Desde o início da ocupação em 1967, o carácter do exército mudou completamente. O exército, que foi fundado, a fim de proteger o estado de perigos externos tornou-se um exército de ocupação, cuja tarefa é a de oprimir outro povo, esmagar sua resistência, desapropriar terras, proteger ladrões de terras chamados colonos, bloquear passagens, humilhar seres humanos, todos os dias. Evidentemente, não é só o exército que mudou, mas também o Estado que dá ao exército as suas ordens, bem como a contínua lavagem cerebral.
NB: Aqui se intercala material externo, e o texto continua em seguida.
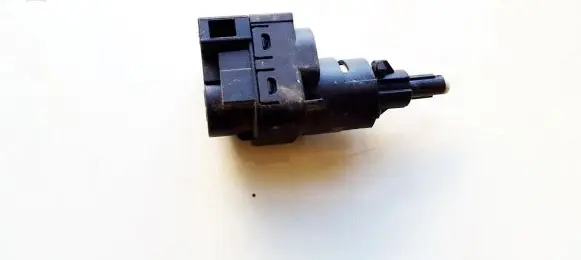 Volkswagen Touran I Brake pedal sensor switch 6q0945511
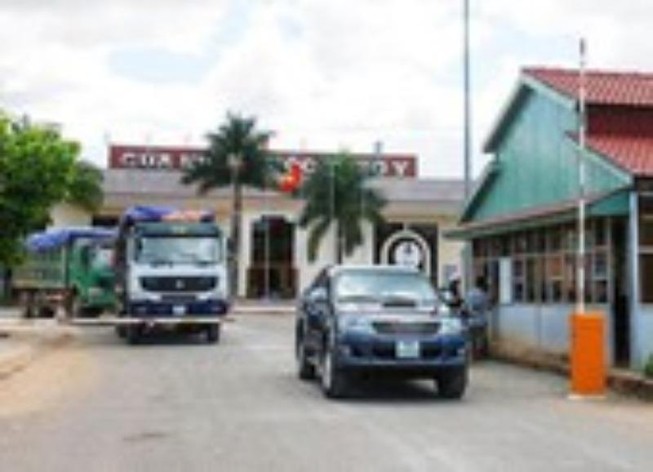 Quy định mới về xuất nhập cảnh Việt Nam - Lào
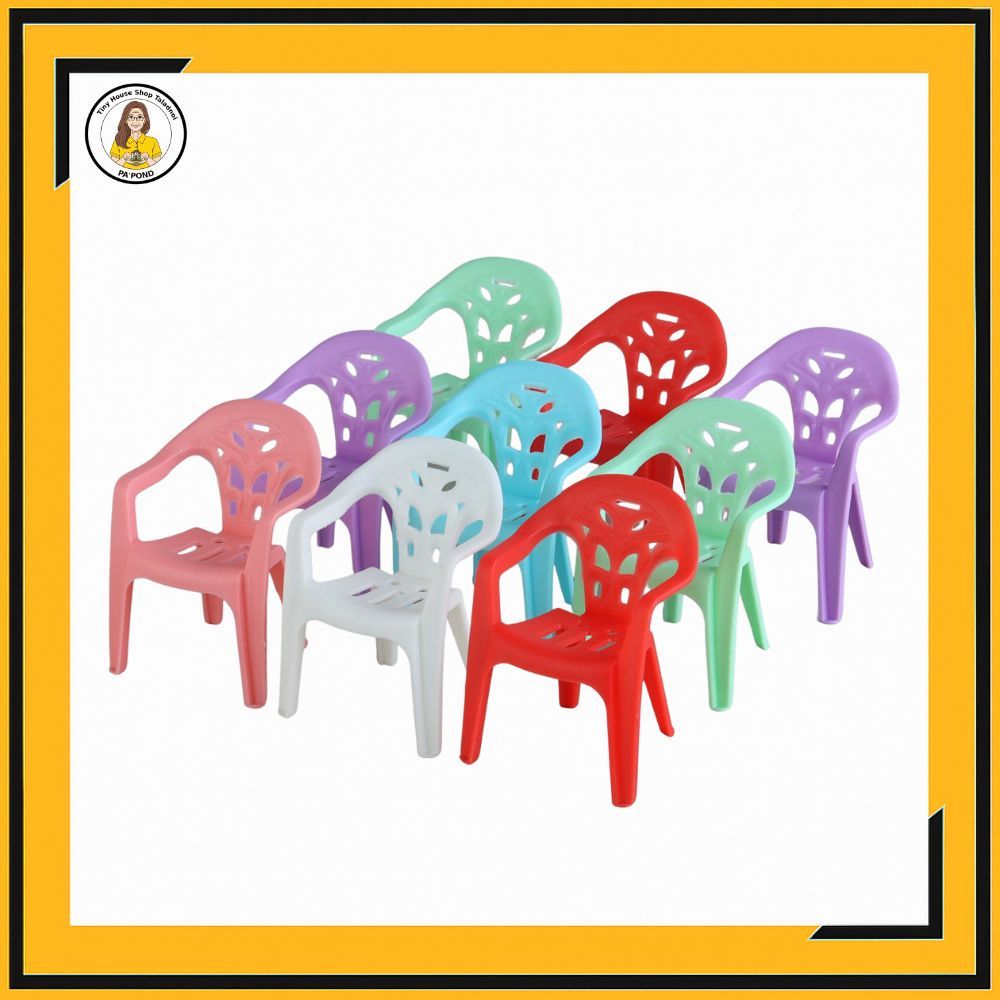 [สเกล 1:12] เก้าอี้พลาสติกจิ๋ว (เก้าอี้ร้านก๋วยเตี๋ยว) สำหรับจัดฉากร้านค้า บ้านตุ๊กตา | ร้านป้าพรของจิ๋ว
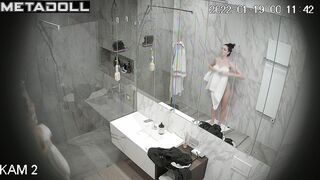 Her naked body is amazing and babe knows it / solo video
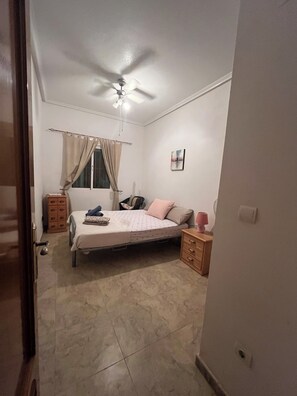 3 chambres, fer et planche à repasser, Wi-Fi, draps fournis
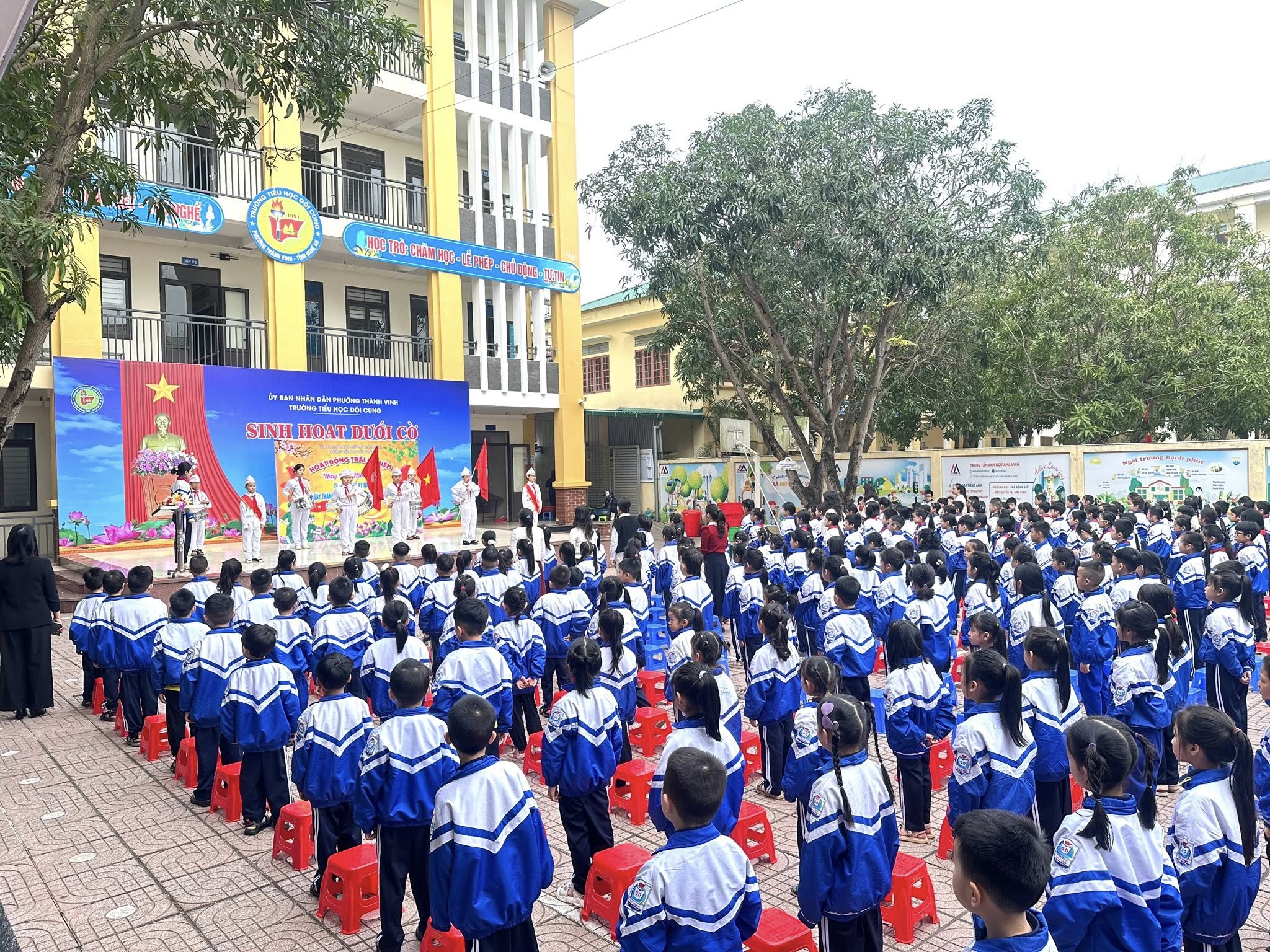 HOẠT ĐỘNG TRẢI NGHIỆM “ UỐNG NƯỚC NHỚ NGUỒN- GIÁO DỤC TRUYỀN THỐNG YÊU NƯỚC VÀ LÒNG BIẾT ƠN”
Num tal exército, ocorre um processo de selecção natural. Pessoas diferentes, com elevados padrões morais, que detestam estas acções, saem mais cedo ou mais tarde. O seu lugar é tomado por outros tipos, pessoas com diferentes valores, ou sem valores de todo, "soldados profissionais" que "apenas seguem ordens".

Evidentemente, tem que se ter cuidado ao generalizar. No exército de hoje ainda existem algumas pessoas que acreditam que estão cumprindo uma missão, para quem o Código Ético é mais do que apenas uma compilação de frases hipócritas. Essas pessoas estão repugnadas com o que vêem. De vez em quando ouvimos os seus protestos e vemos as suas revelações. No entanto, não são elas que dão o tom, mas figuras como Rontzky e Mendelblit.

Isto deve-nos preocupar muito. Não podemos tratar o exército como se fosse um reino estrangeiro que não nos diz respeito. Não podemos dizer a nós próprios: "não queremos ter nada a ver com o exército de um Moshe Ya'alon, de um Shaul Mofaz, de um Dan Halutz ou de um Gabi Ashkenazi." Não podemos virar as costas ao problema. Devemos enfrentá-lo, porque ele é o nosso problema.

O estado precisa de um exército. Mesmo depois de alcançar a paz, vamos precisar de um exército forte e eficaz, a fim de proteger o estado até que a paz crie raízes profundas, e poderemos talvez então criar um organismo regional de acordo com as orientações da União Europeia.

O exército somos nós. O seu carácter tem impacto sobre toda a nossa vida, sobre a vida do nosso próprio Estado. Já foi dito: "Israel não é uma 'república das bananas. É uma república que desliza sobre bananas. " E que bananas!